Day 22: Long Haul to South Dakota

Today was D-Day, and by that I mean the sad departure from the Four Seasons.  The bellman took down our luggage and I was just relieved my stuffed outside suitcase pocket didn’t burst open and spill out the contents all over the lobby floor, which were all random soaps I’ve collected on this trip and, of course, every last L’Occitane product from the room.  That would have been a bit embarrassing, even for a gal clutching her plastic WWF luggage.

I’d like to take a moment to thank our dear friends J & J, who helped make this extravagant and highly memorable stay possible.  It was an amazing gift and we enjoyed every single moment.  As a matter of fact, when we were in the car and rolling away from the hotel, Jim commented that he doesn’t think anyone else on the planet enjoys the Four Seasons (and every last amenity) as much as I do.  So thank you, thank you, thank you.

We headed back onto I-70 eastbound, back up and over Vail Pass and then Loveland Pass, which was a wicked 11,990 feet.  A lot of the snow had been cleared but it was still coming down, making for icy and slushy conditions.  Jim once again did a great job and soon we were coming out of the Rockies and back down to more suitable elevations.  It really felt good to have our feet back on the ground after being lofted into the sky for a few days.
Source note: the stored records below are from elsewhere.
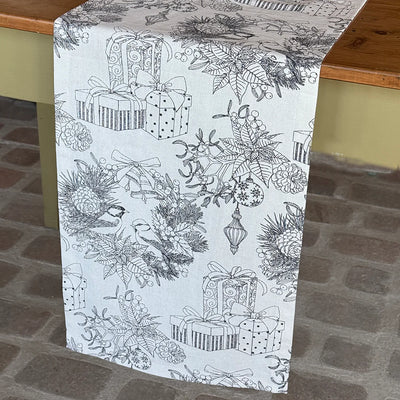 Mahogany Holiday Celebration Table Runner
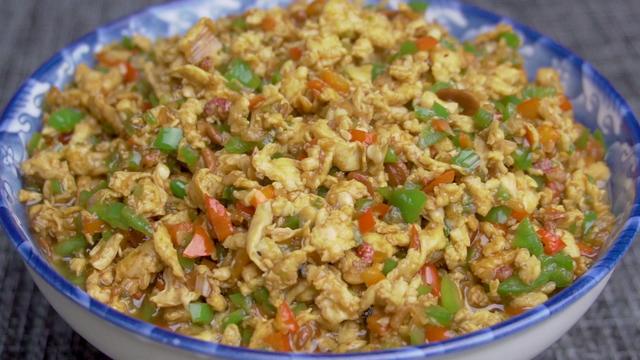 好吃不腻的鸡蛋酱，鸡蛋酱学会这样做超下饭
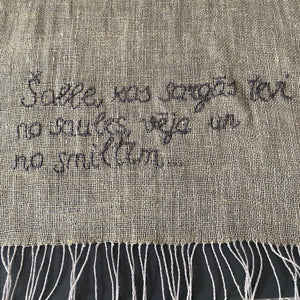 Linen scarf Transparent 45x200 cm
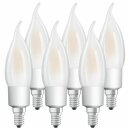 6 x Osram LED Filament Leuchtmittel Windstoß Kerze...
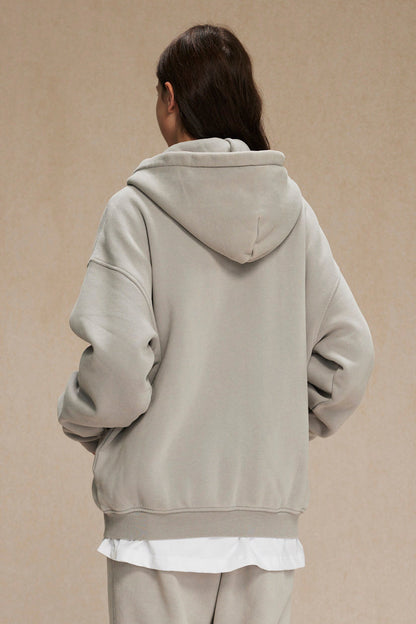 360GSM Washed Fleece Zipper Jacket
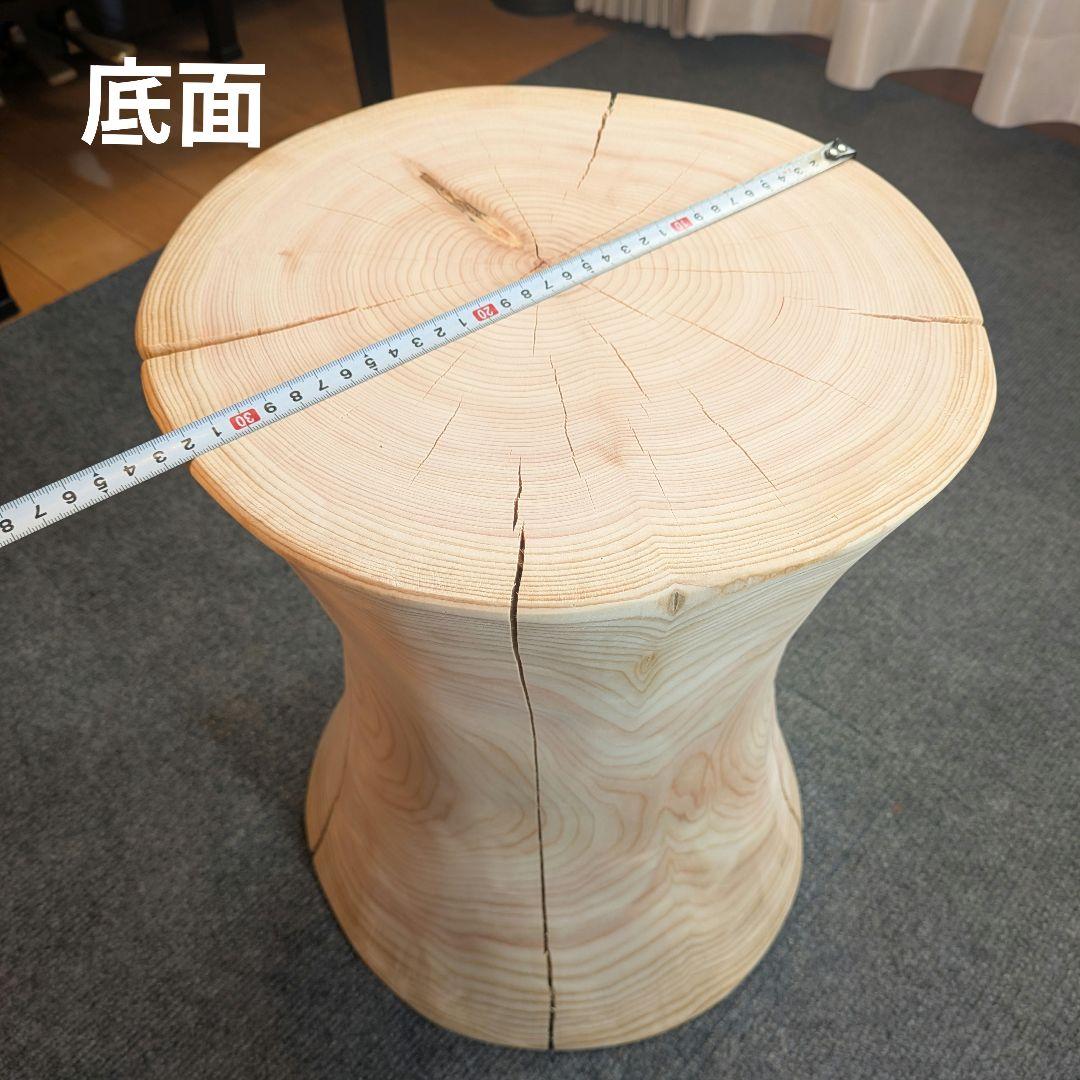 outdoorman　檜②　丸太　椅子　スツール　テーブル　高さ約40㎝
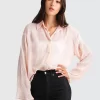 Belle & Bloom Yoko Shirred Chiffon Blouse - Blush Store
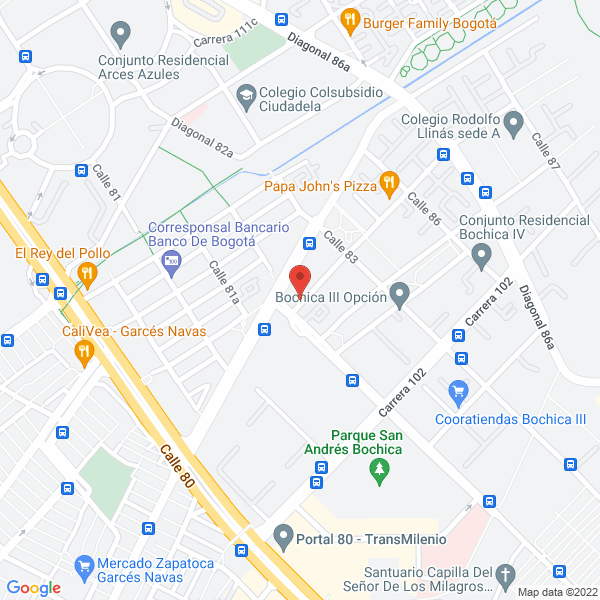 Mapa de La Bricha S.A.S.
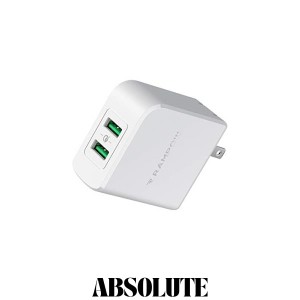 Rampow USB急速充電器 android 充電器【39W/QC 3.0対応/2ポート/PSE認証済】usb 充電器 折りたたみ式プラグ搭載 iPhone/iPad/Galaxy S9/ 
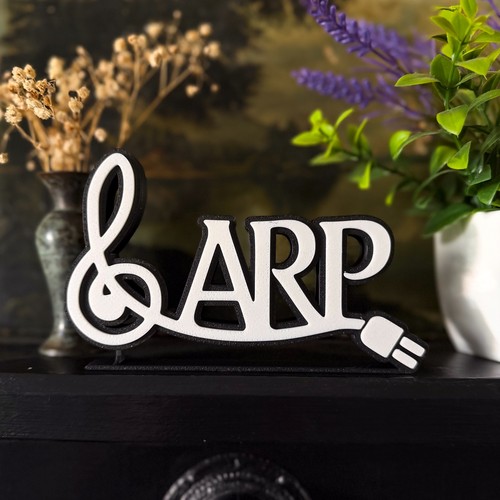 Arp synthesiser logo - -, display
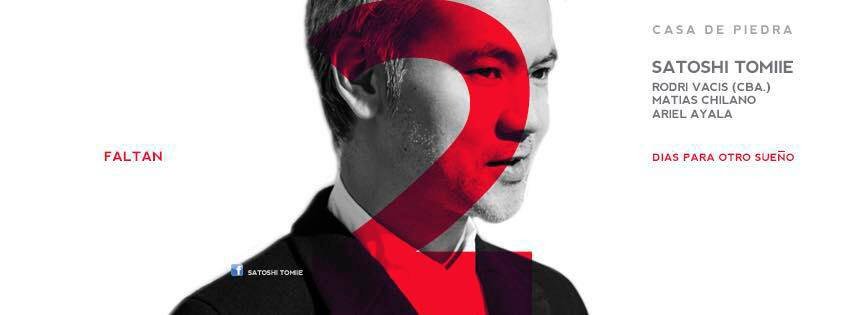 flavio_vers's tweet photo. a dos dias de que el gran @satoshi__tomiie  nos invada de #musica en su unica presentacion en #cba @complejocdp https://t.co/hDzKTKqLqQ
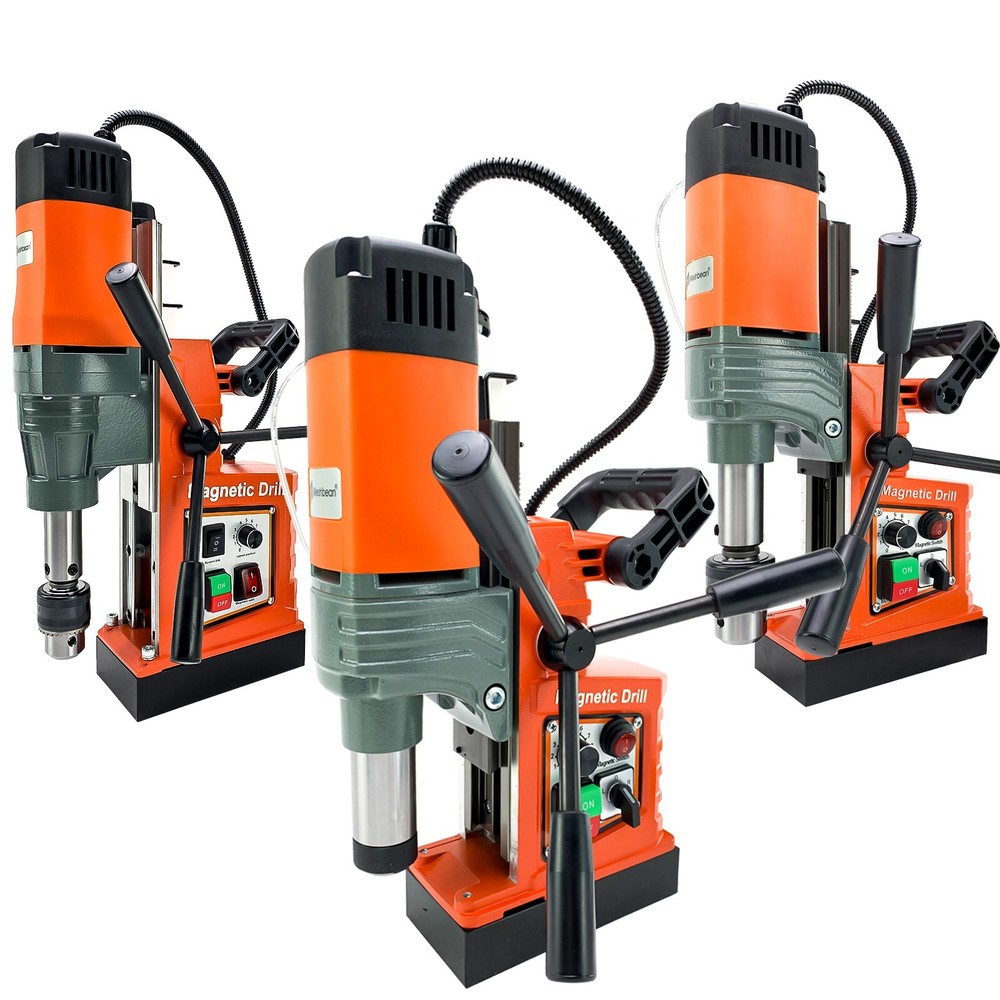 Magnetic Drill Press 1.6"/2"Core Drilling Mag Drill Power Electric Drill Machine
The route we drove to get us to the Black Hills area of South Dakota took us up the far eastern edge of Wyoming for a good distance.  WY is only missing the ‘H’ to ask the question on everyone’s mind:  why live here?  Oh, surely I jest, I’m sure it’s rife with lovely qualities, but you can definitely tell it is the least populated state in the Union.  We would drive for loooooong stretches of road without seeing a house, a town, or even cattle.  It was nothing but tumbleweeds as far as the eye could see.

Speaking of tumbleweeds, wind speeds today reached 40 mph along the corridor we drove and we saw a fair amount of tumbleweeds blowing across the road and over fences without abandon.  This brought about a whole new set of questions, such as Where do they go?  I mean, I’ve never seen any in Washington, DC, so they must reach their demise well before that.  But where?  Is there a huge tumbleweed pileup problem east of Wyoming?  Is there a tumbleweed season?  Very perplexing, these tumbleweeds.

We continued on through Wyoming, cutting east through a county that appeared on the map to have more unpaved roads than paved roads.  That is the county I’d like to be in charge of, as you could probably make a homemade apple pie for each of your constituents and win the election handily.

As we headed east into South Dakota we could see for miles and miles and I’m pretty sure on a clear day you can see Chicago, too.  Eventually we made it to Hot Springs, SD, a town in the southern portion of the Black Hills.  We checked into the Best Western Sundowner Inn and put together our plan for the next day, as our trip is winding down and we need to maximize our sightseeing.  This was a sobering thought, but we plan on making the most of the time we have left and proceed along making memory after memory.